Key Words:  Bronchial asthma; Severe asthma; Near fatal asthma; Thunderstorm-related asthma; Meteorological factors and asthma; Prevention of Thunderstorm-related  asthma; Asthma-related deaths.

 

In Melbourne (Australia) on Monday  21 november  2016 hospitals were swamped with emergency patients affected by severe asthma attacks (more than 8,500 patients across Monday night and Tuesday and 8 died), while firefighters and police were called on to help physicians and paramedics respond to thousands of calls after the conditions caused breathing problems for citizens. It caused many people, including those who had no history of asthma, but only of hay fever, to experience    breathing difficulties, frequently also severe .

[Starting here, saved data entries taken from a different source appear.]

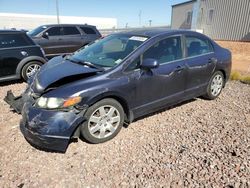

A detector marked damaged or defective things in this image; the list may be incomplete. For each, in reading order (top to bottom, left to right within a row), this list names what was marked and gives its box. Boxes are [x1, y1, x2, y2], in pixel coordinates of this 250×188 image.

front end damage [3, 88, 87, 153]
crumpled front bumper [5, 89, 87, 153]
damaged blue sedan [4, 29, 231, 153] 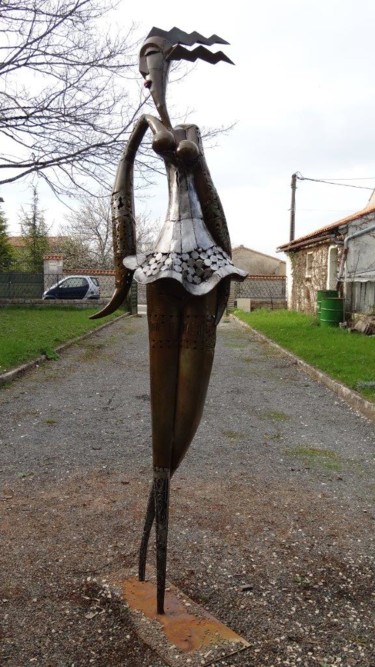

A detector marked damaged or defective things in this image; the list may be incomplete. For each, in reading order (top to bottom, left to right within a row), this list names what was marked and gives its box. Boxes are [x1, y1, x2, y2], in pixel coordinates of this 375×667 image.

rusty metal base plate [106, 568, 251, 667]
rust stain on metal [122, 576, 247, 656]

There was in Melbourne a very unusual weather occurrence with wind and torrential rain combined with a high pollen count, sending high quantity of pollen allergens  across the city.

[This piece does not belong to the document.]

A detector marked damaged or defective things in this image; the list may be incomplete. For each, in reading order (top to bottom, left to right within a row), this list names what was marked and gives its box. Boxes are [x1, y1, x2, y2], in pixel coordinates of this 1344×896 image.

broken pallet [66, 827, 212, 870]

Thunderstorms have been linked to asthma epidemics, especially during the pollen seasons,

and there are descriptions of asthma outbreaks associated with thunderstorms, which occurred in several cities, prevalently  Australia (in Wagga Wagga and in Melbourne , where happened  two other outbreaks  in 1989 and 2010) in Europe (in UK, Birmingham and London and in Italy in Naples) and in other cities  of the world , all coinciding with a heavy thunderstorm during the Spring, when a large increase in the number of visits for asthma at the emergency departments  was observed (1-5).

Thunderstorm-related asthma is a dramatic example of the allergenic potential of pollen antigens  and pollen allergic patients who encounter the allergenic cloud of pollen are at higher risk of having an asthma attack (1-9).

 

Pollen grains can be carried by thunderstorm at ground level, with  release of allergenic biological aerosols of paucimicronic size, derived from the cytoplasm of pollens  ruptured or not, and which can penetrate deep into lower airways. In other words, there is evidence

that  under  wet  conditions or during thunderstorms, pollen grains, in part after  rupture  by osmotic shock, release into the atmosphere their content, including respirable, allergen-carrying cytoplasmic starch granules (0.5-2.5 microm) or other paucimicronic components that can reach lower airways inducing asthma reactions in pollinosis patients (1-5 ;7-9).

The thunderstorm-asthma outbreaks are characterized, at the beginning of thunderstorms , by

a rapid increase of visits for asthma in general practitioner or hospital emergency departments. Subjects without asthma symptoms, but affected by seasonal rhinitis can experience an asthma attack. No unusual levels of air pollution were noted at the time of the epidemics, but there was a strong association with high atmospheric concentrations of pollen grains such as grasses or other allergenic plant species. However, subjects affected by pollen allergy should be informed about a possible risk of asthma attack at the beginning of a thunderstorm during pollen season.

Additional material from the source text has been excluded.